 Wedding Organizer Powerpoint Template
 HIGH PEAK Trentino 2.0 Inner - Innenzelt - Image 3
######
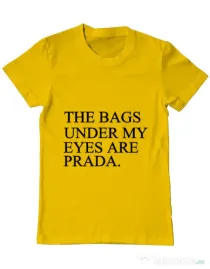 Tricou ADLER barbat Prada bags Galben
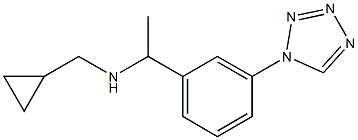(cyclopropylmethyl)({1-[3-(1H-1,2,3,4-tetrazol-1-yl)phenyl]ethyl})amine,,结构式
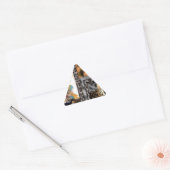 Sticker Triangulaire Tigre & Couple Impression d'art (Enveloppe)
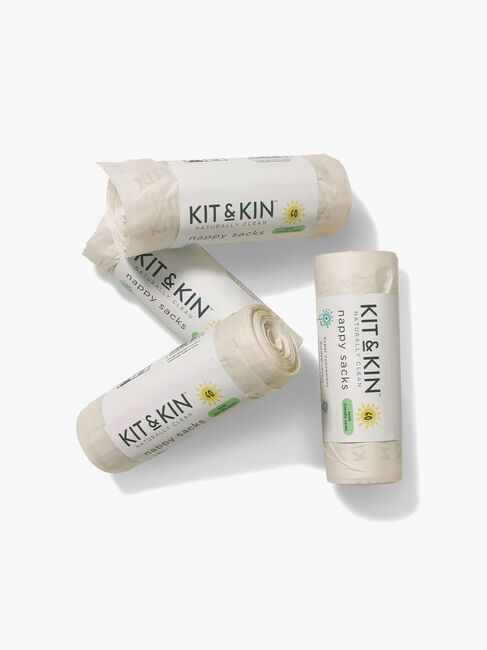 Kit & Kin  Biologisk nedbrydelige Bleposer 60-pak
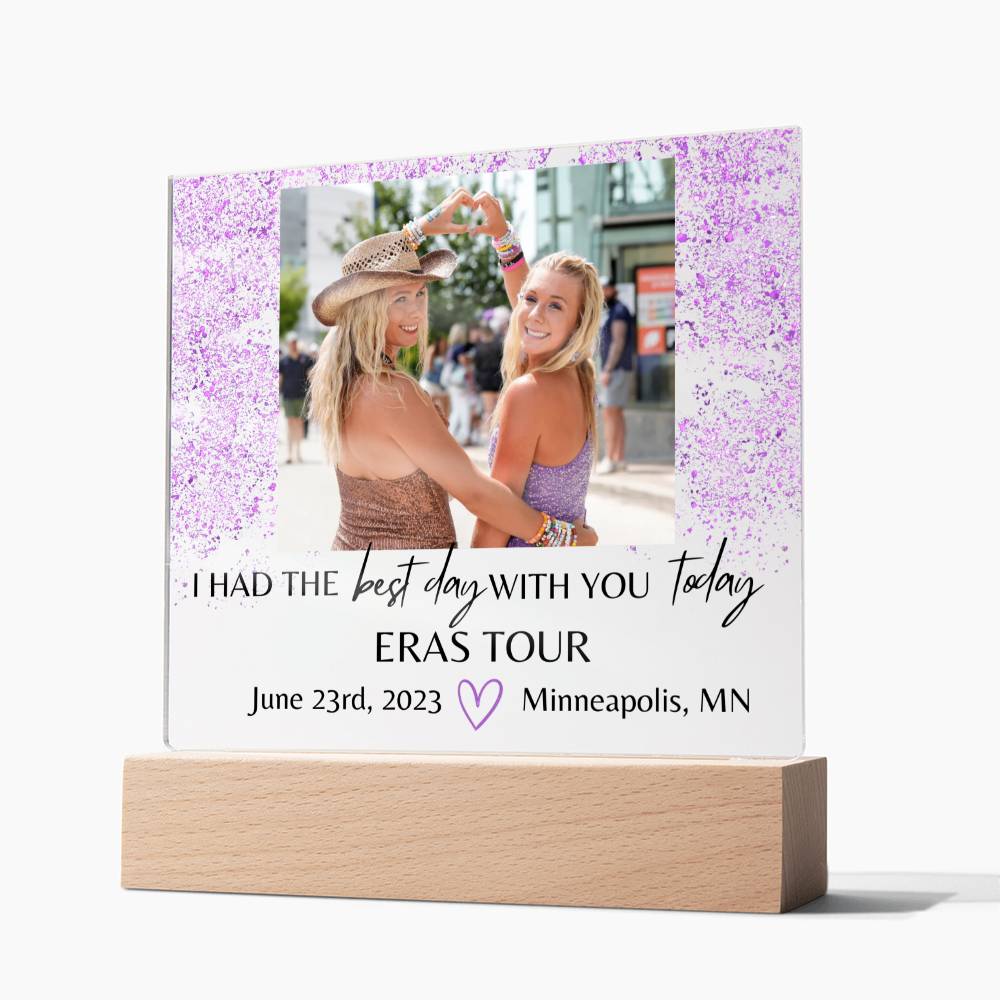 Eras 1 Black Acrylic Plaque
######
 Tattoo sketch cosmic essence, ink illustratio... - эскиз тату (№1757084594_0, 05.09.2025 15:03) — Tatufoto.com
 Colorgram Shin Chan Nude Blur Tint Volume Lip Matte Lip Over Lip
######
## [TASK INSTRUCTIONS]
Return only the stretch above from the line containing "(cyclopropylme" through the line containing "Eras 1 Black Acrylic Plaque", word for word and without pictures.

## [RESPONSE AREA]
(cyclopropylmethyl)({1-[3-(1H-1,2,3,4-tetrazol-1-yl)phenyl]ethyl})amine,,结构式
 Sticker Triangulaire Tigre & Couple Impression d'art (Enveloppe)
 Kit & Kin  Biologisk nedbrydelige Bleposer 60-pak
 Eras 1 Black Acrylic Plaque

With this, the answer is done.